Biden também nomeou Michael Regan, um importante regulador ambiental da Carolina do Norte, para comandar a Agência de Proteção Ambiental (EPA). Regan, que será o primeiro negro no comando da EPA, trabalhou na agência nos governos dos presidentes Bill Clinton e George W. Bush. Ele irá colaborar na concretização dos ambiciosos planos de mudança climática de Biden, que promovem a adoção de energias limpas e padrões mais elevados de eficiência no uso de combustíveis em automóveis e caminhões.
‘Uma mudança real’
A escolha por Haaland representa “um dia histórico e sem precedentes para todos os povos indígenas”, declarou o presidente da Nação Navajo, Jonathan Nez. É “uma mensagem clara” de que Biden “está comprometido em abordar os erros do passado e abrir o caminho para uma mudança real e uma oportunidade para as nações tribais”.

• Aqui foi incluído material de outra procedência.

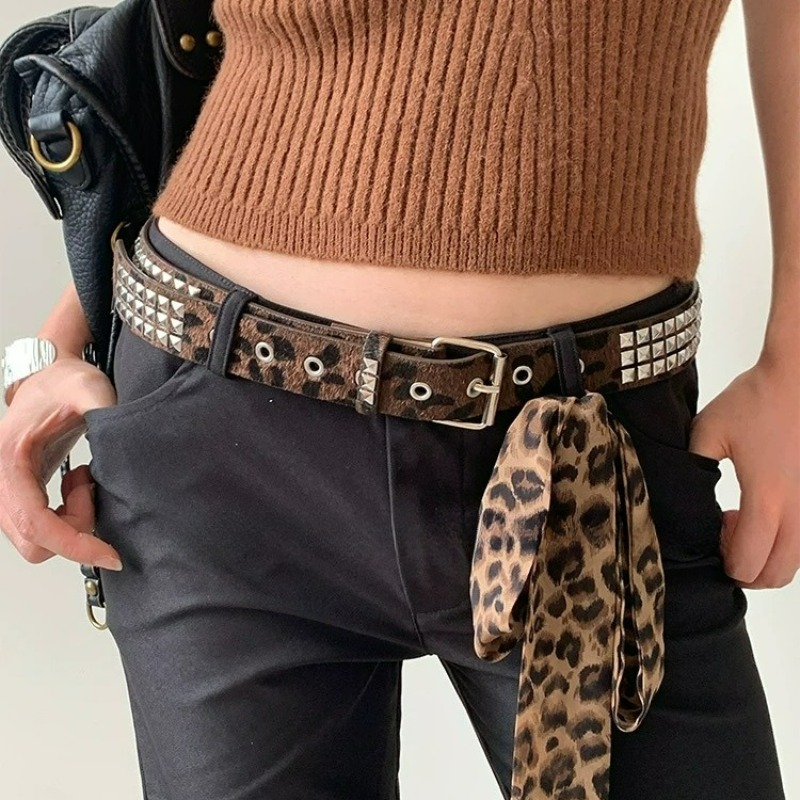 Cinturón Y2K con Remaches de L - Women'S Jeans Accessories reseña y precio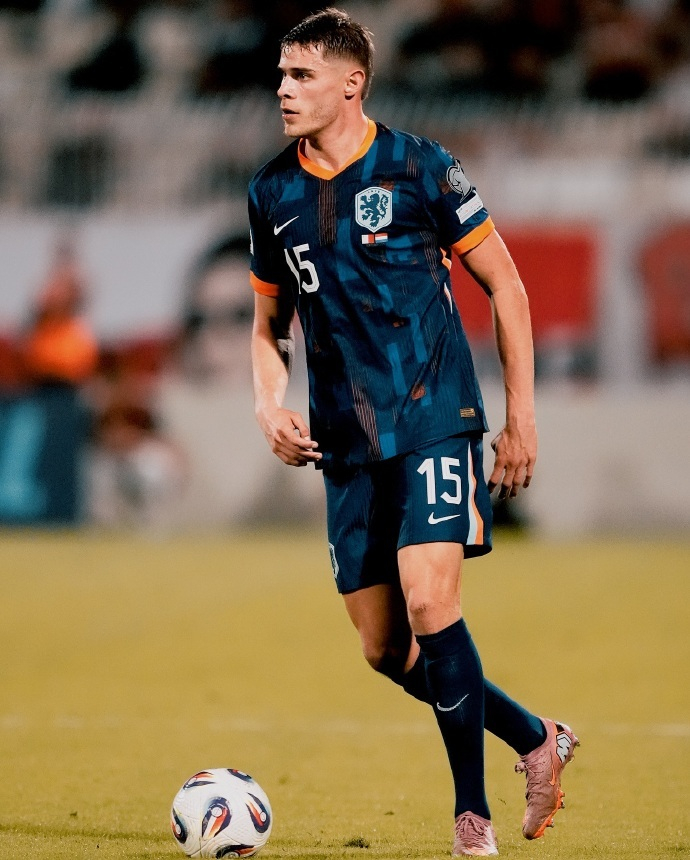 开云中国网站-罗马止住颓势备战意大利杯尼斯主帅复盘备战荷甲，波特兰开拓者围绕欧超杯队长鼓劲看傻球迷的简单介绍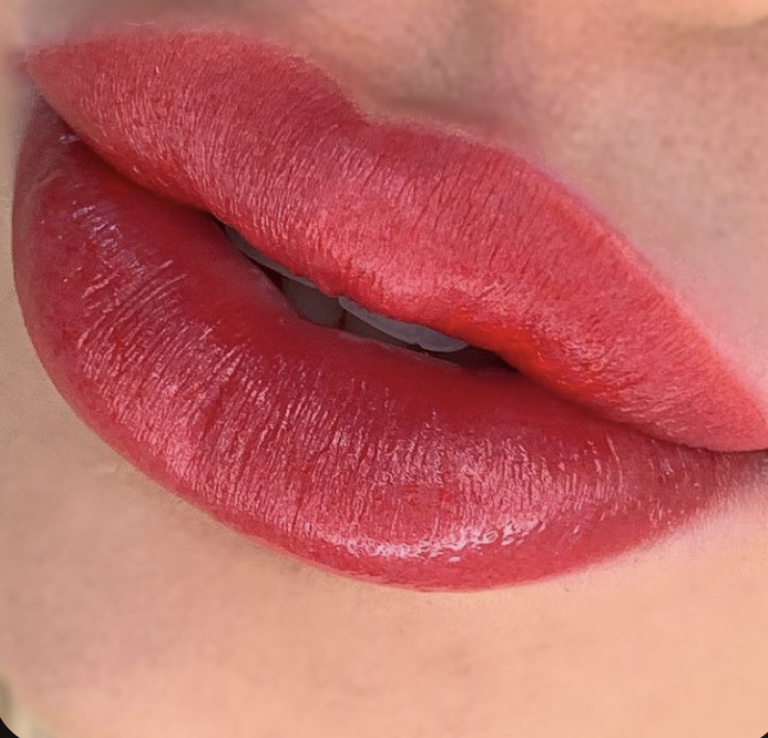 Lip Blushing
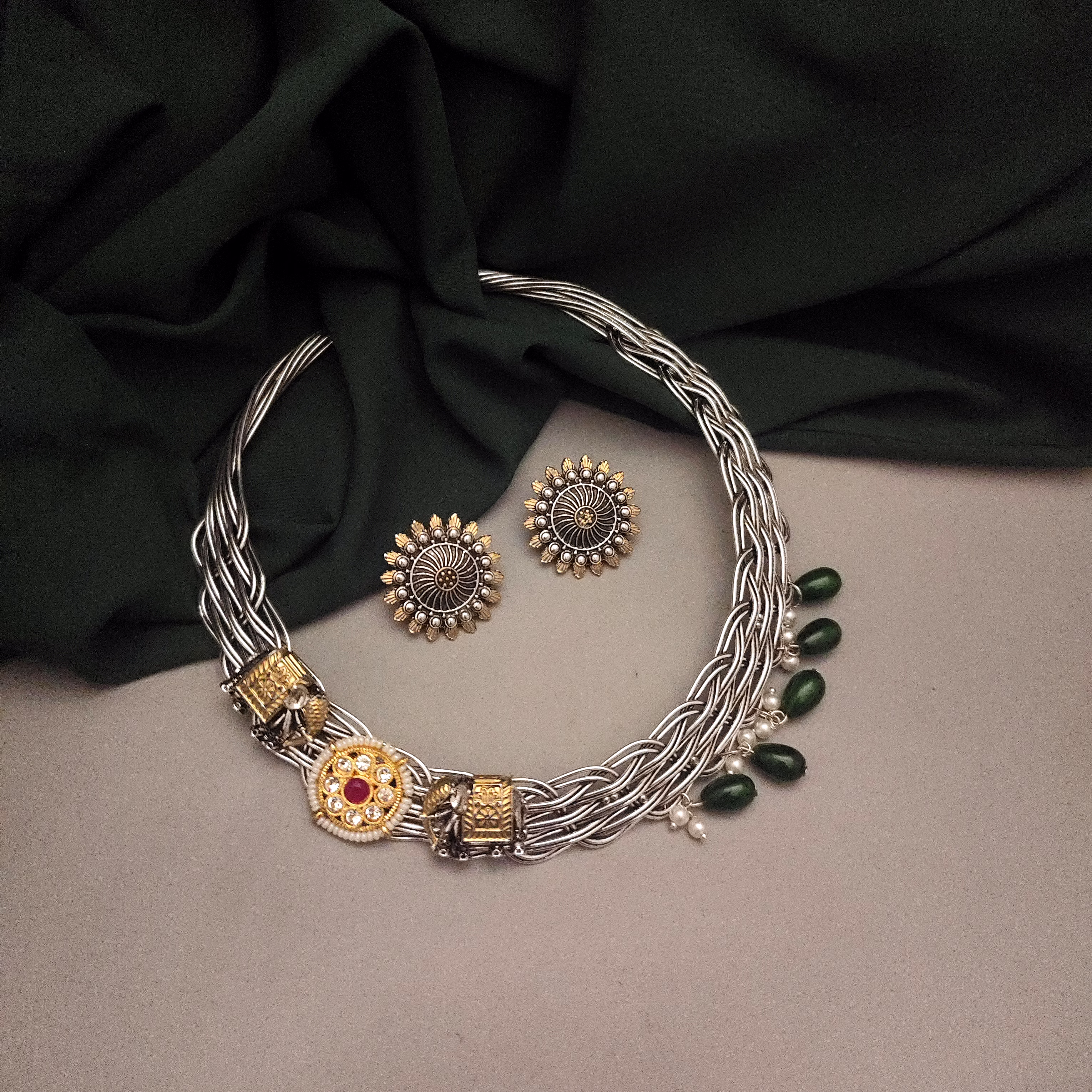 LAVANYA Fusion Hasli Nekclace Earrings Set image 2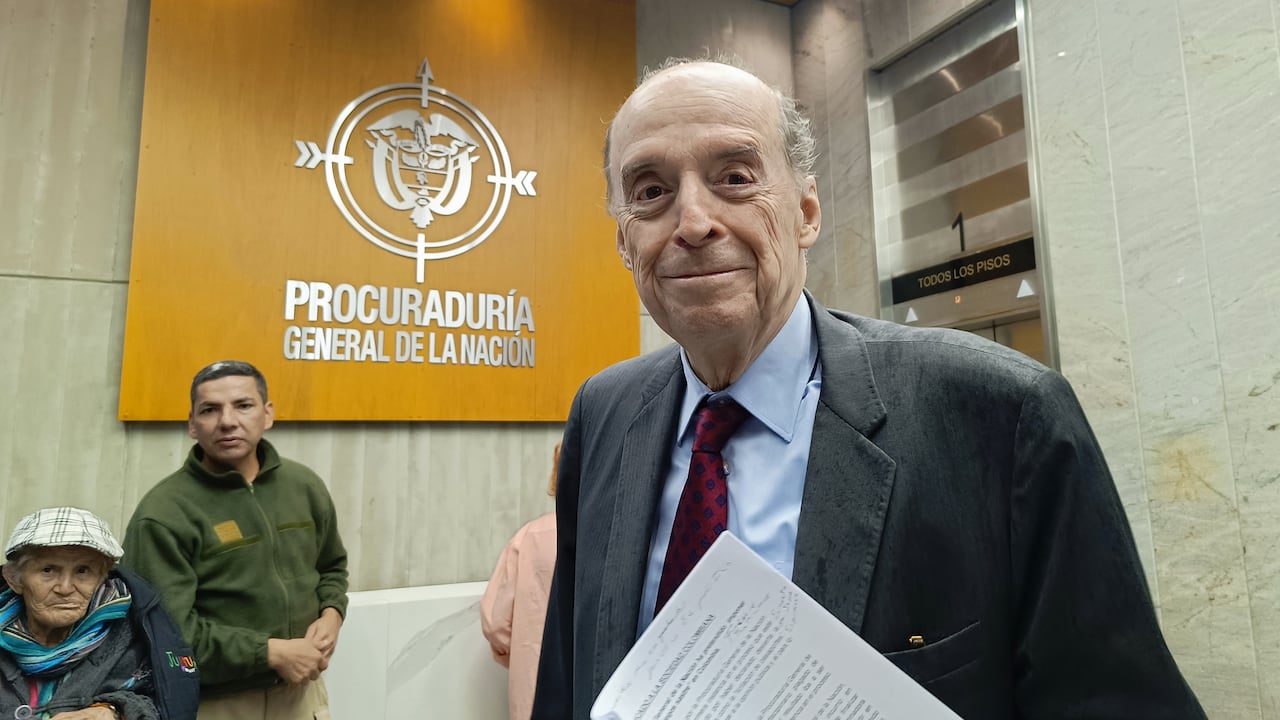El excanciller Álvaro Leyva en la Procuraduría General tras el fallo que lo sancionó por diez años para ejercer cargos públicos.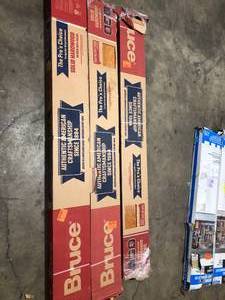 Lot of Bruce  Plano Oak Marsh 34 in. Thick x 5 in. Wide x Varying Length Solid Hardwood Flooring (23.5 sqft  case) Customer Returns See Pictures
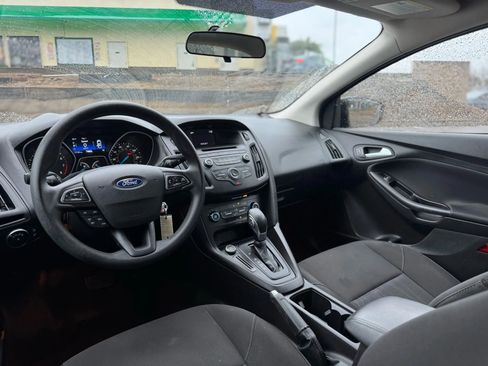 Used 2017 Ford Focus SE image 12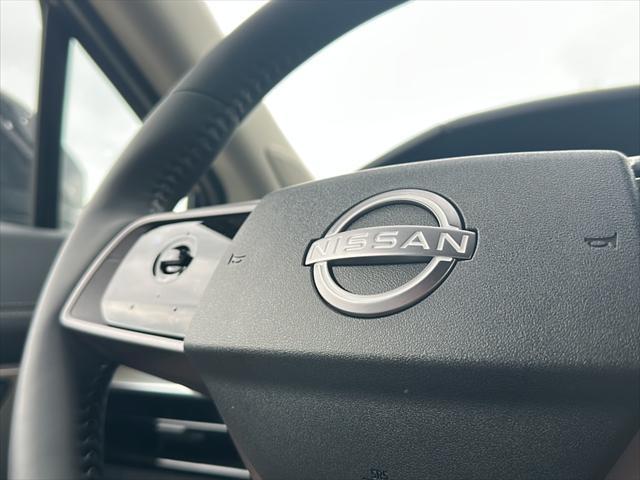 new 2025 Nissan Murano car, priced at $45,205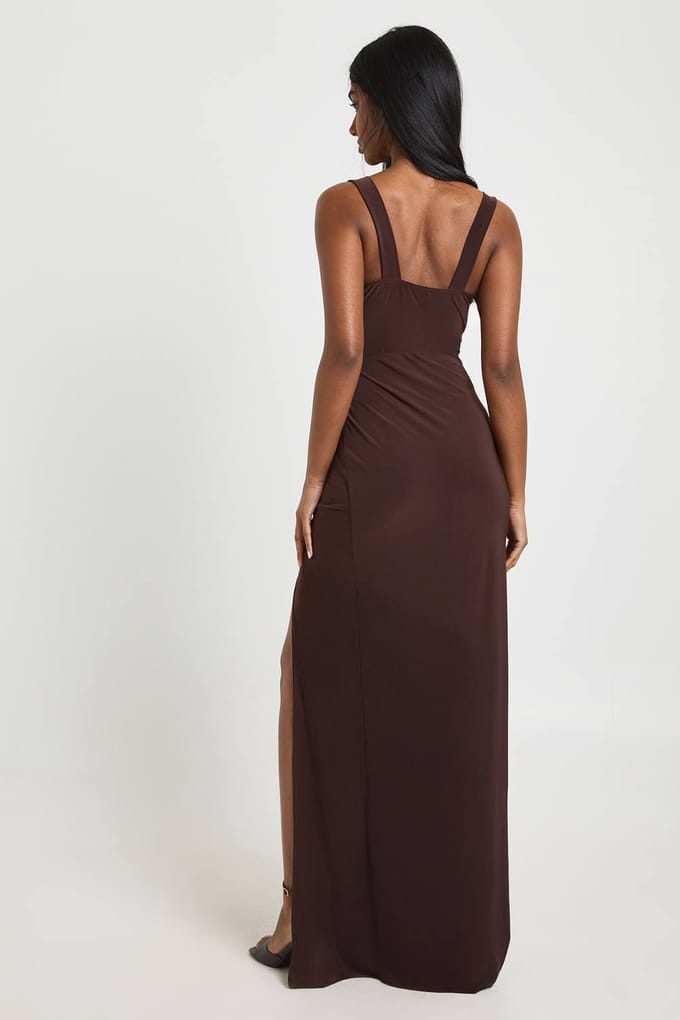 boohoo Dames Tall Slinky Gerimpelde Wikkel Maxi Jurk | Espresso | Maat: 38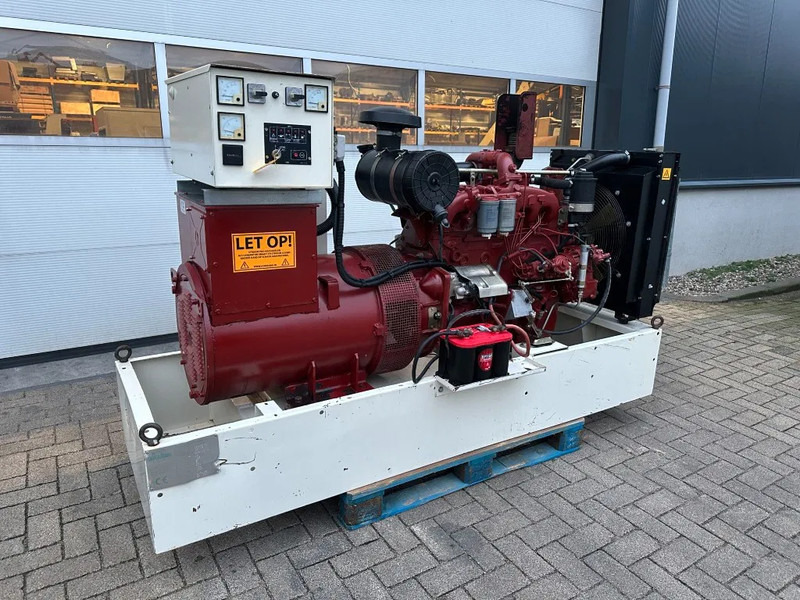 Iveco 8061 SI 07.05 A 550 Marelli 100 kVA noodstroom generatorset - Elgenerator: bild 5 Iveco 8061 SI 07.05 A 550 Marelli 100 kVA noodstroom generatorset - Elgenerator: bild 5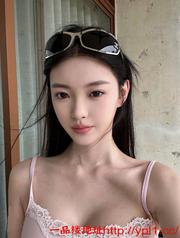 美乳白皙水嫩蜜桃臀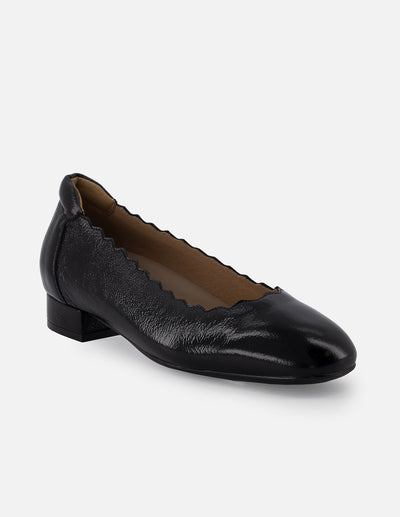 Ballerina de piel color negro para mujer con detalles ondulados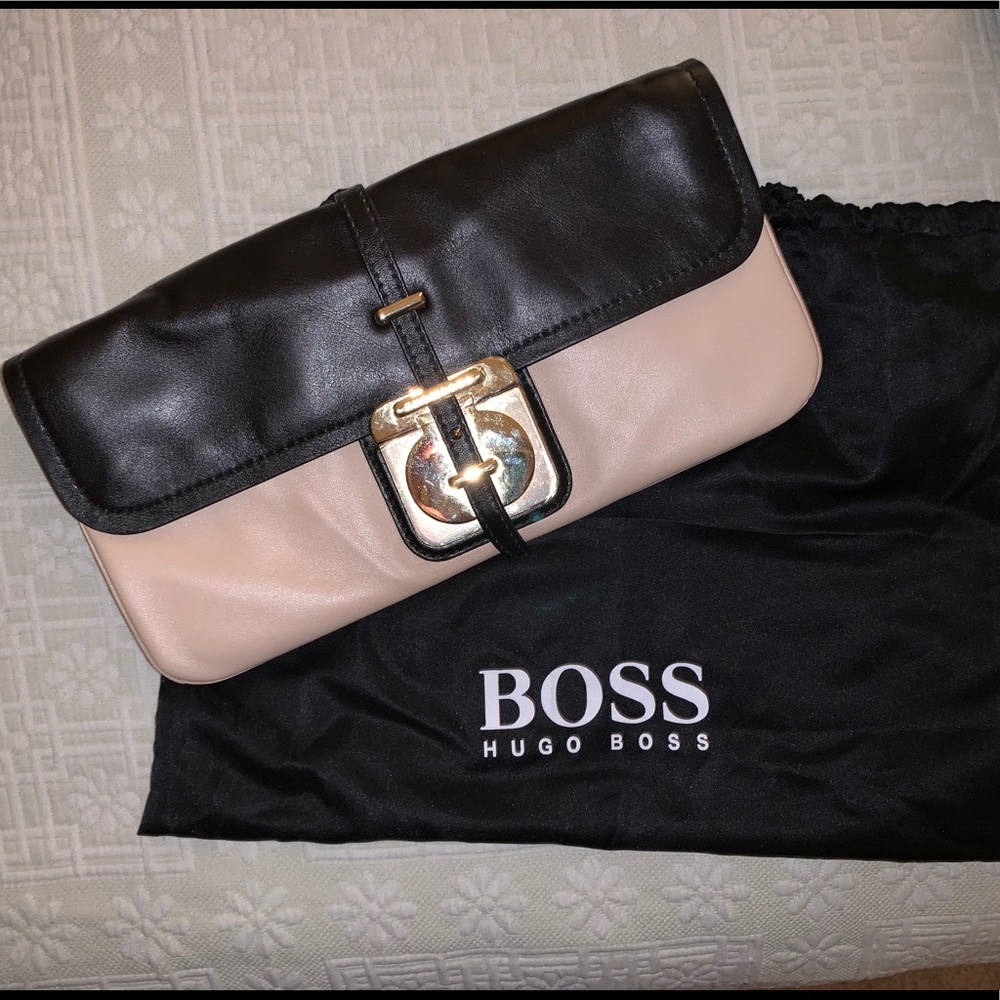 NWOT Hugo Boss creme & black clutch w/ wrist strap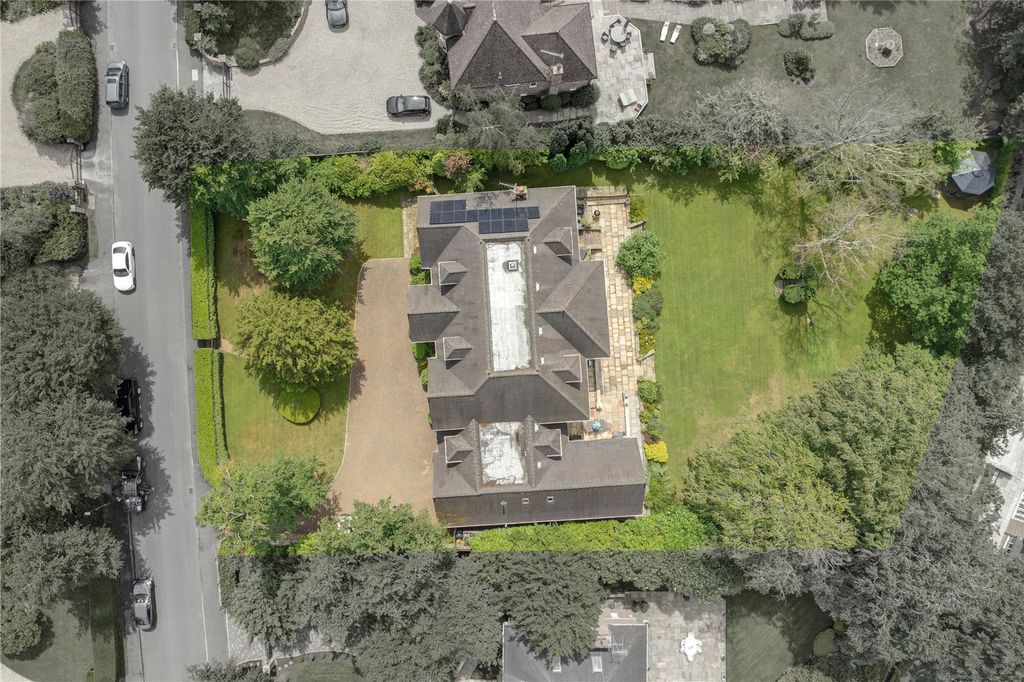 Additional image 18 of 8 bed detached house for saleWestfield Road, Beaconsfield HP9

Haaland conquistou com facilidade sua reeleição em novembro e, embora a cadeira esteja nas mãos dos democratas desde 2009, não está claro se será fácil conquistá-la novamente.
Durante os quatro anos do governo de Donald Trump, o Departamento do Interior ganhou o desprezo de grupos nativos e defensores ambientais ao revogar várias proteções. A administração republicana também acelerou projetos como o polêmico gasoduto Dakota Access, ao qual os nativos americanos e ativistas do meio ambiente se opuseram veementemente.
Haaland publicou no Twitter uma crítica severa a Trump nesta quinta-feira, antes de surgir a notícia de sua provável nomeação. “Em quatro anos, Trump falhou com o poder indígena e apenas quebrou mais promessas”, escreveu. “Isso foi exacerbado pelo fracasso do governo em levar a sério esta pandemia. Estou ansiosa para virar a página deste capítulo obscuro”, acrescentou.
Biden já nomeou a maior parte de seu gabinete, incluindo Antony Blinken como secretário de Estado e Janet Yellen para chefiar o Tesouro. O cargo mais importante ainda não atribuído é o de procurador-geral dos Estados Unidos.